(Records excerpted from a collection)
┄┄┄┄┄┄┄┄┄┄┄┄┄┄┄┄┄┄┄┄

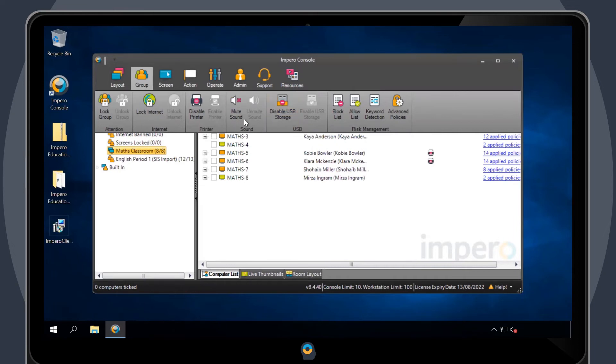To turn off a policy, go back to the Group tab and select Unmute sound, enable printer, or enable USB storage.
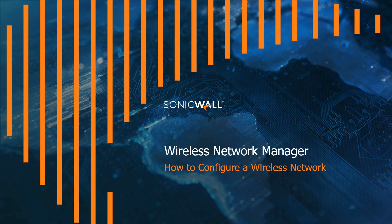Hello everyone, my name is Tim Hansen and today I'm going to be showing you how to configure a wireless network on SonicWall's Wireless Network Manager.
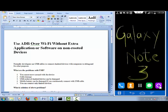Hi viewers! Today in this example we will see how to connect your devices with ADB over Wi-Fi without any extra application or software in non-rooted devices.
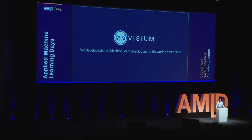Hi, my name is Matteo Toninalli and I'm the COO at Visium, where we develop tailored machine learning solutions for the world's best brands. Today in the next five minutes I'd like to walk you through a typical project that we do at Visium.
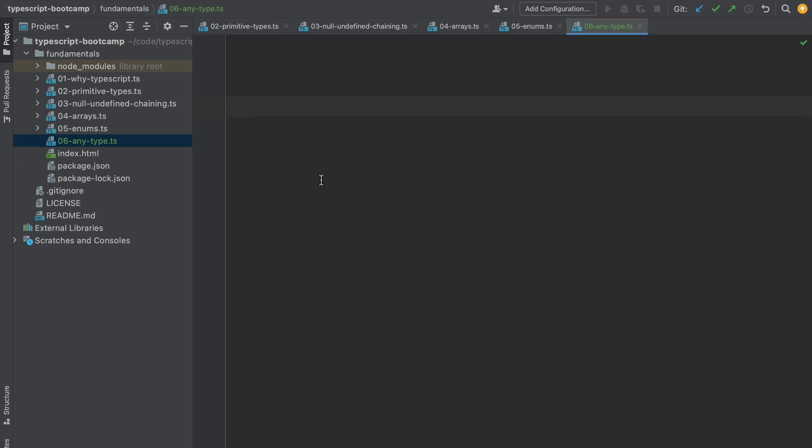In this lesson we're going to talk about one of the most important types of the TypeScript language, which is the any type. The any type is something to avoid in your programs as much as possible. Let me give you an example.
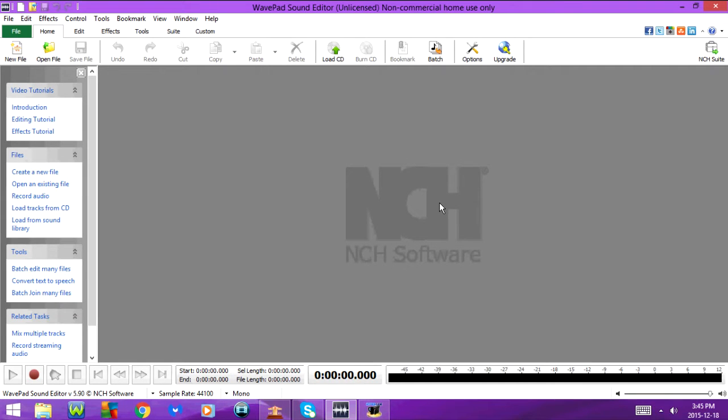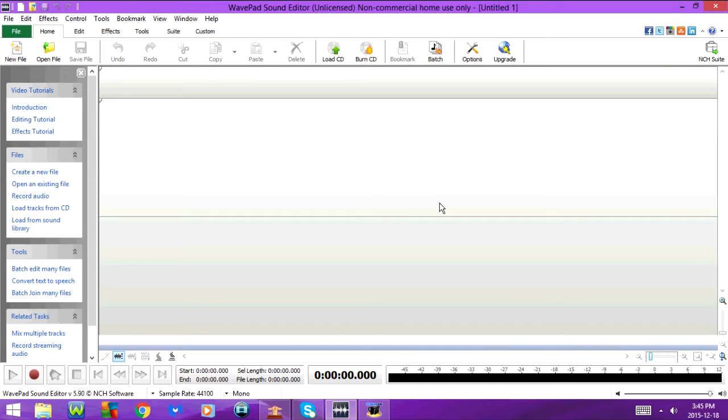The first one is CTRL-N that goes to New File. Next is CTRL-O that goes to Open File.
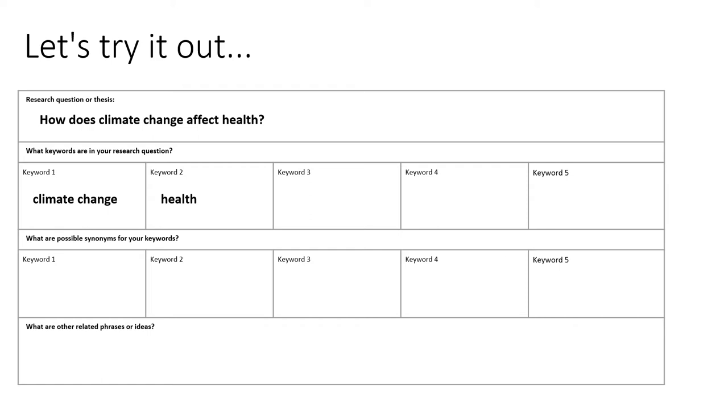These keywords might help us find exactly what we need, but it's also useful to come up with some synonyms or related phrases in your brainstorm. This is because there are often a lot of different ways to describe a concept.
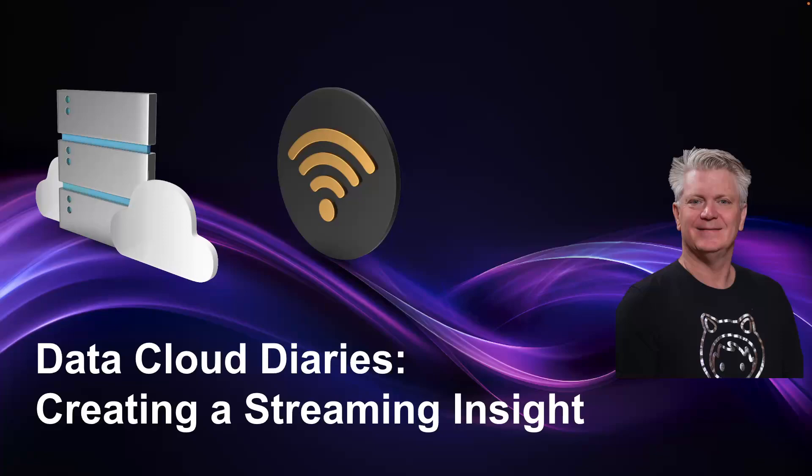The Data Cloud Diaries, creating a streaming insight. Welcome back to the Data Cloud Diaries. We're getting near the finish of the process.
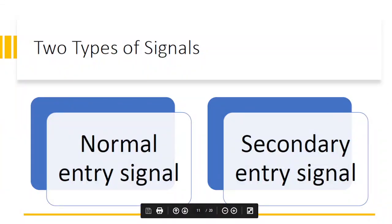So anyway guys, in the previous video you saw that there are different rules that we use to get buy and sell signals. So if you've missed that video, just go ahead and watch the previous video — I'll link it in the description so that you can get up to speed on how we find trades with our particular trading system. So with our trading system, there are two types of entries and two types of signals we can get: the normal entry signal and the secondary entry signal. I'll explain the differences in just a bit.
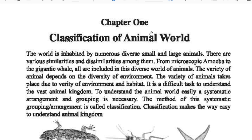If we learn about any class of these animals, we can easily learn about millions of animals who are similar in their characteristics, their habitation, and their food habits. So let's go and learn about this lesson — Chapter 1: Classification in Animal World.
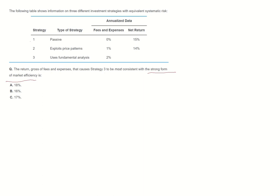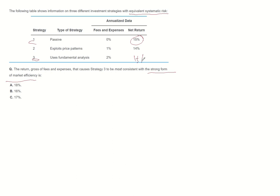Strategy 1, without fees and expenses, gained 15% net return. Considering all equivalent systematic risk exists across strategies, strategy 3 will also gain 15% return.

┄┄┄┄┄┄┄┄┄┄┄┄┄┄┄┄┄┄┄┄

EXERCISE DETAILS ▸
With the images left out, output all the entries above exactly.

SOLUTION ▸
To turn off a policy, go back to the Group tab and select Unmute sound, enable printer, or enable USB storage.
Hello everyone, my name is Tim Hansen and today I'm going to be showing you how to configure a wireless network on SonicWall's Wireless Network Manager.
Hi viewers! Today in this example we will see how to connect your devices with ADB over Wi-Fi without any extra application or software in non-rooted devices.
Hi, my name is Matteo Toninalli and I'm the COO at Visium, where we develop tailored machine learning solutions for the world's best brands. Today in the next five minutes I'd like to walk you through a typical project that we do at Visium.
In this lesson we're going to talk about one of the most important types of the TypeScript language, which is the any type. The any type is something to avoid in your programs as much as possible. Let me give you an example.
The first one is CTRL-N that goes to New File. Next is CTRL-O that goes to Open File.
These keywords might help us find exactly what we need, but it's also useful to come up with some synonyms or related phrases in your brainstorm. This is because there are often a lot of different ways to describe a concept.
The Data Cloud Diaries, creating a streaming insight. Welcome back to the Data Cloud Diaries. We're getting near the finish of the process.
So anyway guys, in the previous video you saw that there are different rules that we use to get buy and sell signals. So if you've missed that video, just go ahead and watch the previous video — I'll link it in the description so that you can get up to speed on how we find trades with our particular trading system. So with our trading system, there are two types of entries and two types of signals we can get: the normal entry signal and the secondary entry signal. I'll explain the differences in just a bit.
If we learn about any class of these animals, we can easily learn about millions of animals who are similar in their characteristics, their habitation, and their food habits. So let's go and learn about this lesson — Chapter 1: Classification in Animal World.
Strategy 1, without fees and expenses, gained 15% net return. Considering all equivalent systematic risk exists across strategies, strategy 3 will also gain 15% return.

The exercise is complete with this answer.